Entries supplied.
▬▬▬

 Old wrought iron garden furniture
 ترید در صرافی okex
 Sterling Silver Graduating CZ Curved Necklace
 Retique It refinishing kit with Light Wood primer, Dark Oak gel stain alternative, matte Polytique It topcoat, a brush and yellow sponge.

▬▬▬

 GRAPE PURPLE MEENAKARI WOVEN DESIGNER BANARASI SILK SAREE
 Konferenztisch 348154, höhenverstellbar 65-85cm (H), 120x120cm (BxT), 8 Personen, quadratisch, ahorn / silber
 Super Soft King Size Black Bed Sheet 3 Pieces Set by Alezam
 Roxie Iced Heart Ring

▬▬▬

Your goal.
The expected output is exactly the lines of the listing above between the line holding "Old wrought iron garden furniture" and the line holding "Retique It refinishing", inclusive.

Answer box.
 Old wrought iron garden furniture
 ترید در صرافی okex
 Sterling Silver Graduating CZ Curved Necklace
 Retique It refinishing kit with Light Wood primer, Dark Oak gel stain alternative, matte Polytique It topcoat, a brush and yellow sponge.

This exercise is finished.